大反山

【年月日】

1993年10月27日
【同行者】 単独
【タイム】

タイムとらず

【地形図】 秩父

 札所29番長泉院の駐車場から歩きだす。

 天気がよいので、あたりの風景もことさら好ましく見える。
 刈りとりの終わったソバが干してあり、おばさんがインゲンマメを摘み取っていたりする。
 カリンやカキがよく実っていたりもする。
 西からの風はもうずいぶん冷たいが、一番霜がまだなのでクワの葉はまだ枯れていない。

 新しくしたばかりらしく、こぎれいになっている若御子神社で少し腰をおろす。
 おもしろそうなことが書いてあるが、メモ帳を忘れてきてしまったのでよく調べるのはこんどにした。

 左に上がっていく道に入ると、別荘のような家の前を通り、小さな堰堤工事現場となる。
 工事現場の人とことばをかわし、沢をまたいだ先の車道をさらに登っていくと、3軒ほどの小さな集落に着いて車道は終わる。

 登山口はこのあたりと思われるが、それらしい道は見あたらなかったので少し戻り、仕事道を見つけて登りだした。
 仕事道はしばらく急登したのち、左にトラバースして植林地のなかで消えるが、さらに斜面を登っていくと、別の踏みあとがあり、こんどはそれを右に行き、水源の先でちゃんとした登山道に出た。
 この道はまっすぐ山に向かう道ではなく、25000分の1の地図にのっている若御子峠へと緩やかに登っていく道らしい。

 若御子峠は峠道と尾根道とが交差する地点で、矢印と「若みこ山」と書いた小さなプレートがある。
 ここからは尾根道を行く。
 かつて廃屋があったと思われる苔むした石垣のあるところは、赤テープがついている石垣の上へと登る。

 踏みあとのやや不鮮明な小尾根の上で電信柱の整備をしている人に会ったので、このまま登って若御子山に行けるか尋ねたところ、この尾根を登れば頂上が若御子山だと教えられた。

 少し登るが、3基のほこらが並んだところで踏みあとは消え、木につかまって斜面を登る。
 左に切れ落ちた岩場が出てくるが、地形図の崩壊地記号はここ。

 いったん右に下って岩場を巻いて、しばらくやせ尾根を行き、さらにヤブっぽいところを急登すると、ようやく大反山の肩。

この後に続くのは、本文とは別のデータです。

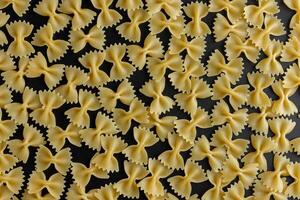 Raw pasta farfalle pattern on black background. photo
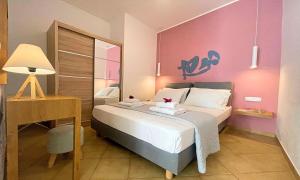 帕琉乔拉Art Apartment的一间卧室配有一张带书桌的床和粉红色的墙壁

 大反山の山頂は、赤テープのある登山道を少し行った、植林のなかだった。
 この先の送電鉄塔まで行こうかと思ったが、けっこう下るのでやめ、少し戻ってティータイム。

 帰りはちゃんとした登山道をどんどん下った。
 若御子峠への分岐は馬頭尊のあるところだった。

 下り着いたところは登りはじめたところのすぐ近くの人家のわきだった。
 畑を横切って小道に出、稲荷神社のところから北に折れ、もと来た道を戻る。
 帰りは千手観音堂の近戸川熊吉の奉納絵を見たり、札所29番を散歩したりしながらだったが、1時間半とかからなかった。